Recorded largely in the old family home in west Donegal, the album features classic and lesser known repertoire, some learned from family. It’s delivered in brisk Donegal style, with clipped fiddle tones sometimes diving an octave below and rolling flute and pipes. The songs, in English and Irish, are in unadorned unison style, with fiddle threading its way darkly through When My Love and I Parted.
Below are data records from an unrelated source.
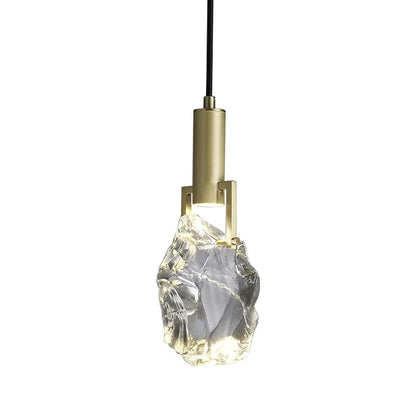 Celeste Pendant Light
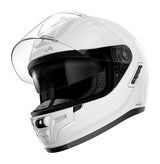 Sena Phantom Smart Bluetooth Casco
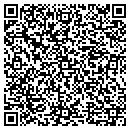 QR code with Oregon Pacific Bank contacts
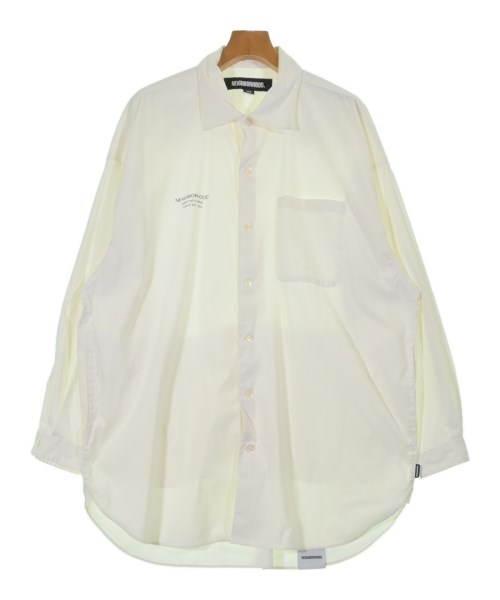 ネイバーフッド(NEIGHBORHOOD)のNEIGHBORHOOD カジュアルシャツ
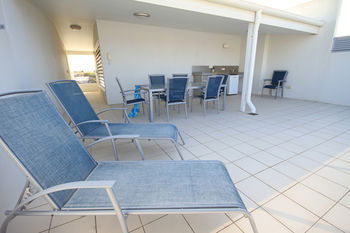 Coolum Seaside - Sunshine Coast Guide 50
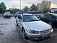 �������� YZ-2-1165 Toyota Estima.Noah.Alphard (����.���������. ��.) 135 �� Toyota Camry Gracia 1996 - 1999 �.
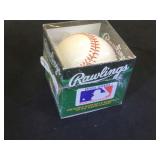 Frank Howard ‘68-‘70 Honerun King, American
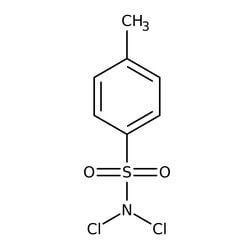 Dichloramine T 96.0+%, TCI America™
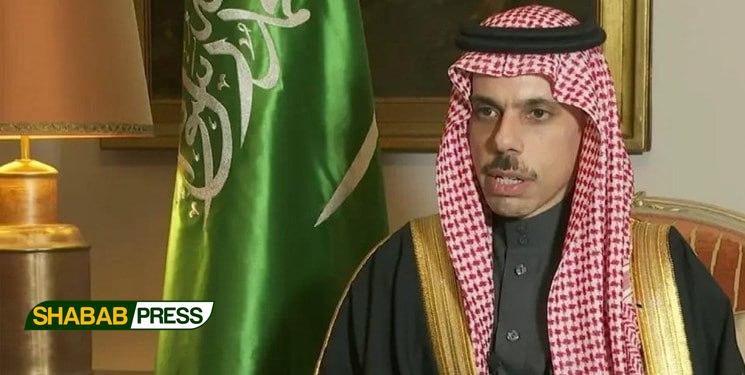 photo_2024-01-16_20-17-27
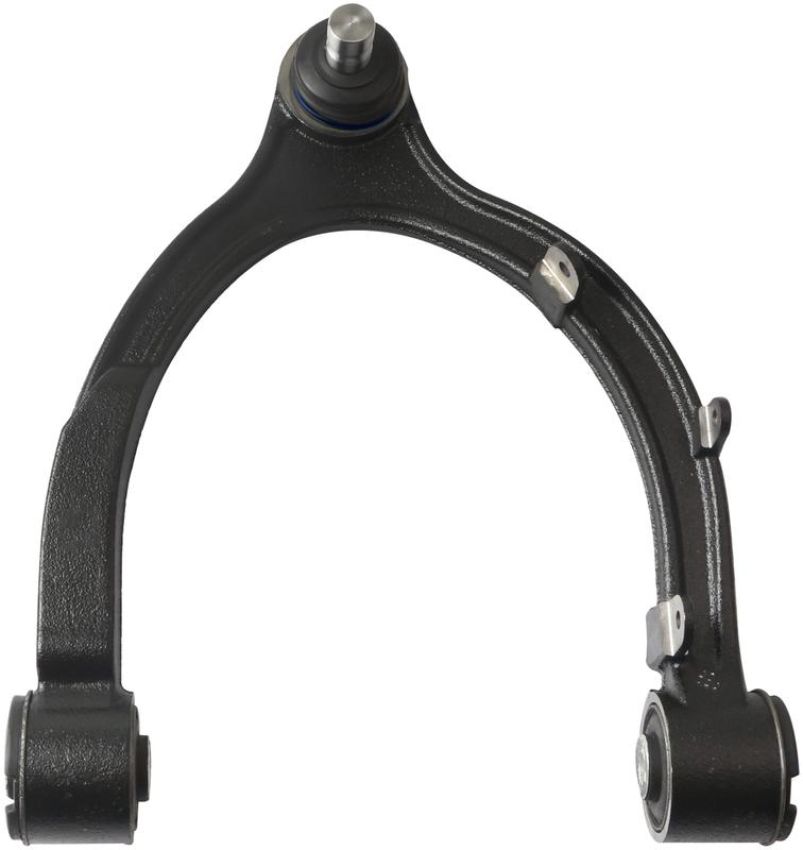 DELPHI TC4576 Control Arm and Ball Joint Assembly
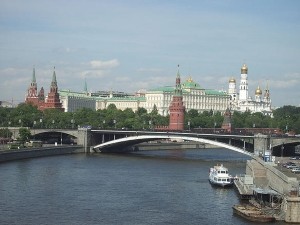 moscowriver1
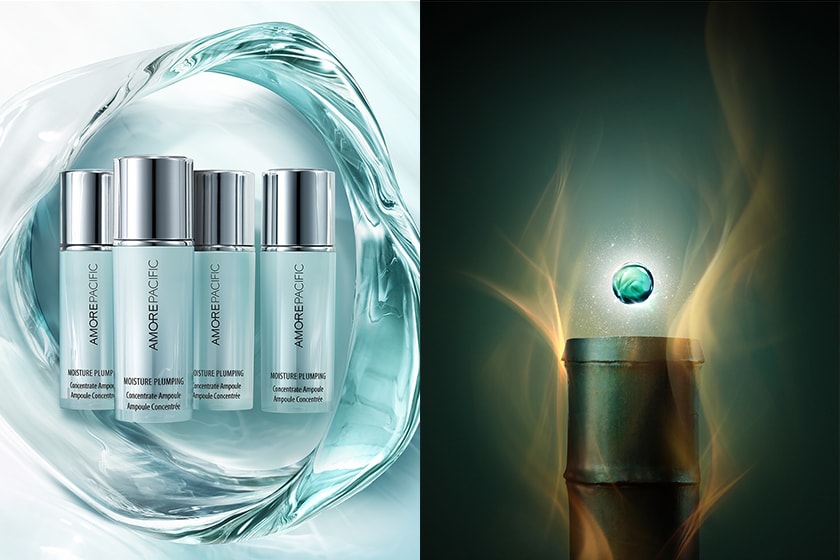 amorepacific-ampoule-beyond-serum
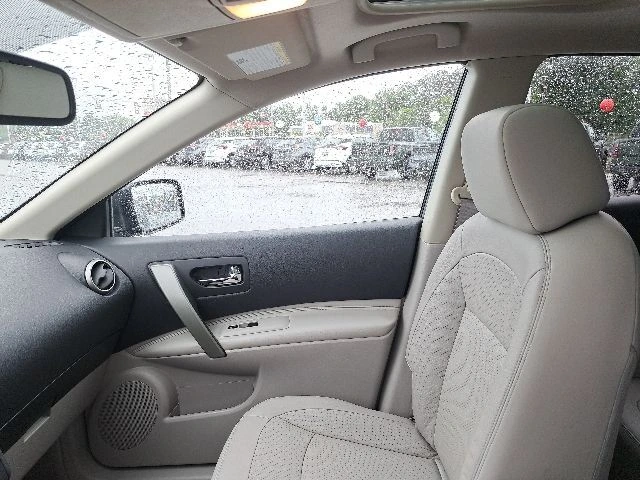 image-14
Instrumentally, as well as such favourites as The Congress and Humours of Ballyloughlin, a sudden harmonica adds delightful fizz to a jig set while the marches, Bonaparte Crossing the Rhine and The Battle of Aughrim jog along with a swagger that belies the fact that the latter debacle was a defeat for the Jacobites.

JIM GILCHRIST

JAZZ

John McLaughlin & The 4th Dimension: The Boston Record

ABSTRACT LOGIX, £14.99

****

The guitarist has been a towering figure in jazz-rock since emerging in the early 1970s with Miles Davis and then the Mahavishnu Orchestra. In recent years he has made some of the strongest music of his career with this band, and this disc captures them in full flow in a concert at the Berklee Performance Center in Boston last June. As ever, McLaughlin’s virtuoso guitar work is front and centre, soaring across the rich harmonic and rhythmic textures conjured up by Gary Husband on keyboards or drums, electric bassist Etienne M’Bappe, and drummer Ranjit Barot, who also contributes a vocal on Abbaji. McLaughlin practices his own vocal speciality, rapid-fire mnemonics derived from Indian music, on Echoes From Then, and they conclude a highly energised set by re-visiting an early Mahavishnu favourite, You Know You Know.

KENNY MATHIESON

WORLD

Zohreh Jooya: Journey to Persia

EUCD, £11.99

***

Archaeological finds show that Persian music shared roots with Arab music in pre-Biblical times, with love songs in common as well as many instruments. The salient quality of Persian music today lies in the way singers and instrumentalists share the melody, either in unison or by shadowing each other – echoing it phrase by phrase. To Western ears the effect sounds exotic, since the scales are microtonal, but no listener would have difficulty in appreciating the beauty of the songs and instrumental pieces here, as Zohreh sings accompanied by strings and drum.